I was jealous of at a colleague because of a question he asked me yesterday. He was preparing for a small 2-minutes video. While shooting, he struggled to finish it in one take. After doing multiple takes, he was done with it and we were having a chat. He asked an insightful question:
"Whenever I do a talk at a conference or a meeting, I don't struggle at all. I am wondering and thinking deep on why I have this trouble before the camera."
I know it is seemingly a mundane question. But I really found it interesting. It shows that he is fully aware of the problem and acknowledges it. With a mindset to improve and not settling down, he is curious about himself. He is not beating himself up or he is not giving up. Next time, when the same shoot happens, he wants to become better at it.
This is a perfect example of continuous improvement and growth. My colleague is an avid chess and badminton player. He is pretty good at it. He is simply applying the logic of improving the skill by looking at the feedback and closing it. Like he is trying a lot to get better at serve or volley, he wants to improve in speaking before camera skills.
I was jealous of him.

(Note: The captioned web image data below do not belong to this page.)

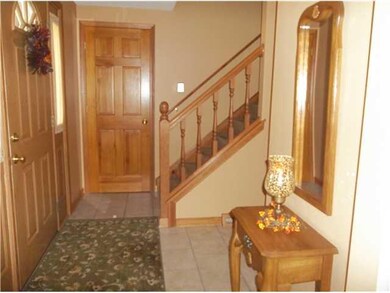 Foyer Ceramic Floor six panel doors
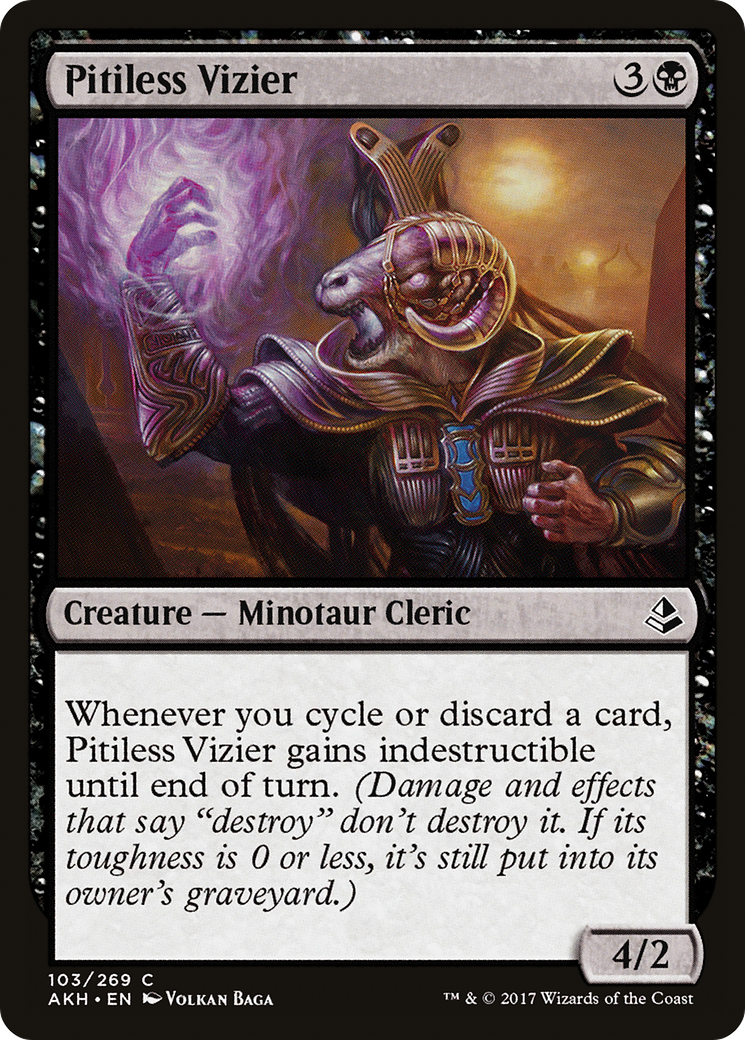 Vizir impitoyable (AKH-103) - Feuille d'Amonkhet 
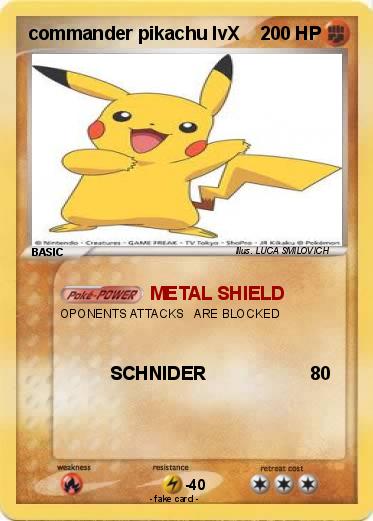 Pokemon commander pikachu lvX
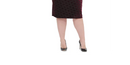Tommy Hilfiger Women's Ruched Velvet Geometric Long Sleeve Dress ,Size 16W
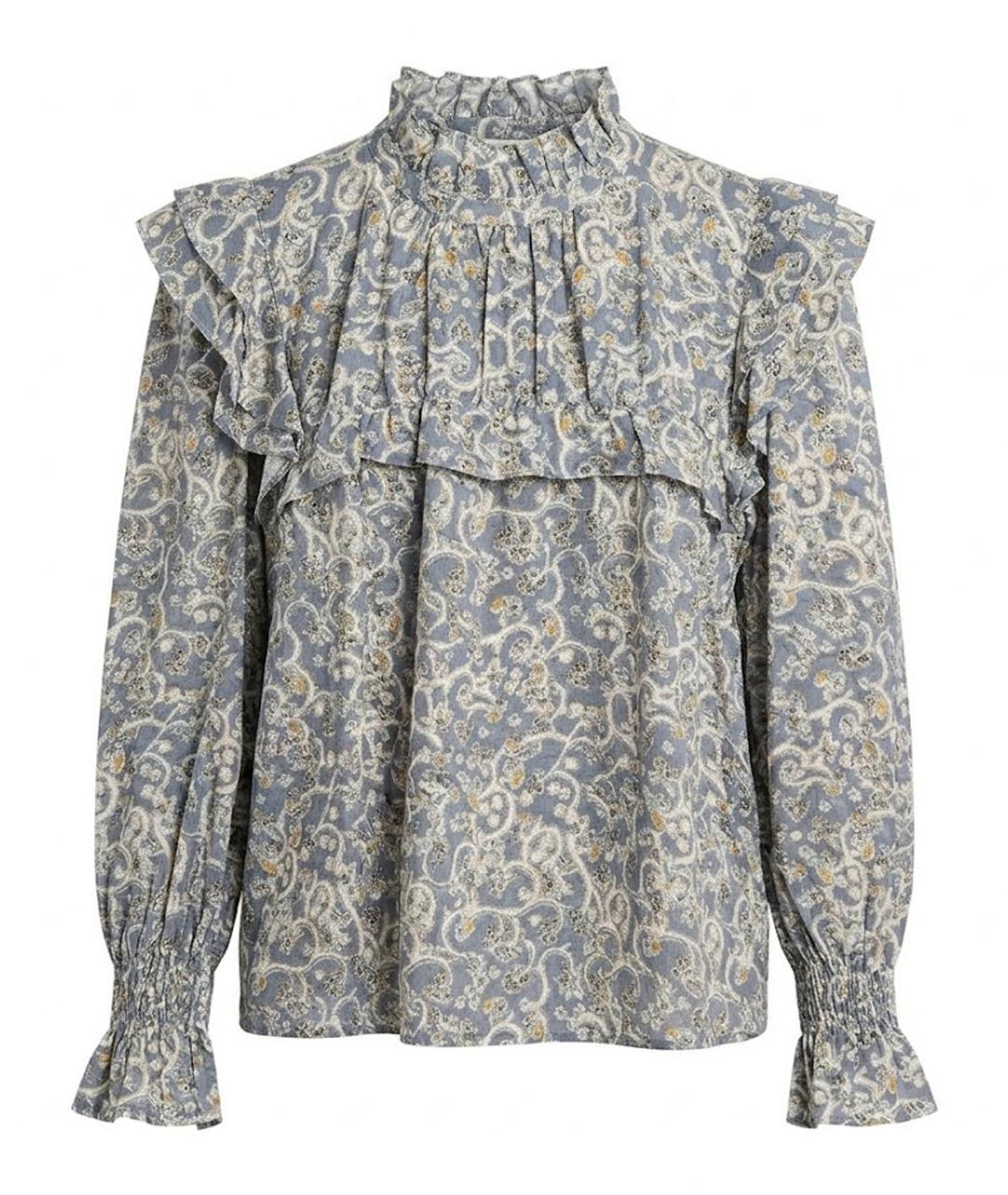 ISABEL MARANT Голубая льняная блузы, фото 1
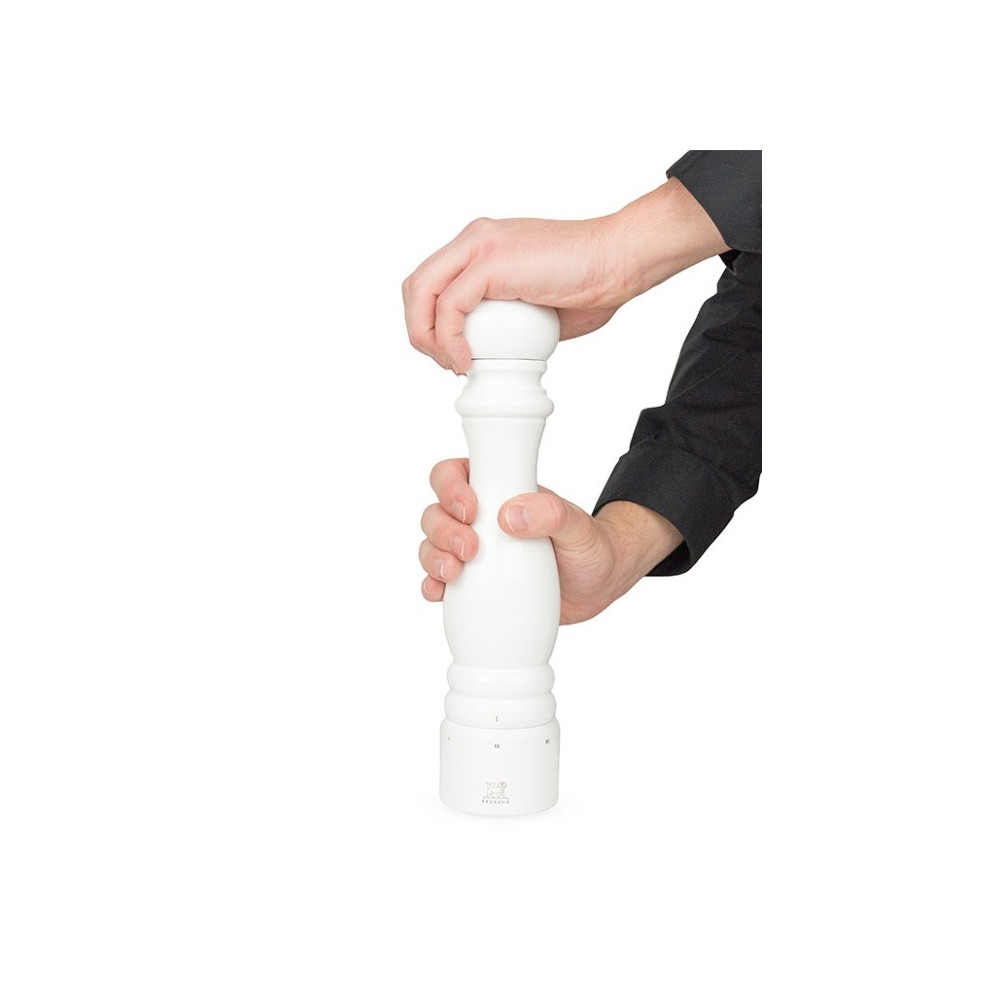 Moulin à sel manuel Paris u’Select – Bois laqué blanc, 30 cm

At the same time, I really admired this attitude. He is very good at sports, which is a closed feedback system. You immediately know if your action has an impact in the game and you also get a chance to improve it next time. Your feedback reinforces the learning. You rinse and repeat it, you become a master at it.
Now you apply the same logic in a slow-feedback-loop system like business development or product management you are going to be awesome. Areas like marketing and sales have a fast-feedback-loop.
I believe, almost everything in the world could be fixed by tightening feedback loops. Tighter the feedback loop, the rate of learning is really high. So I really admire and sometimes be jealous of people who have the opportunity to be in such a tight feedback loop environment.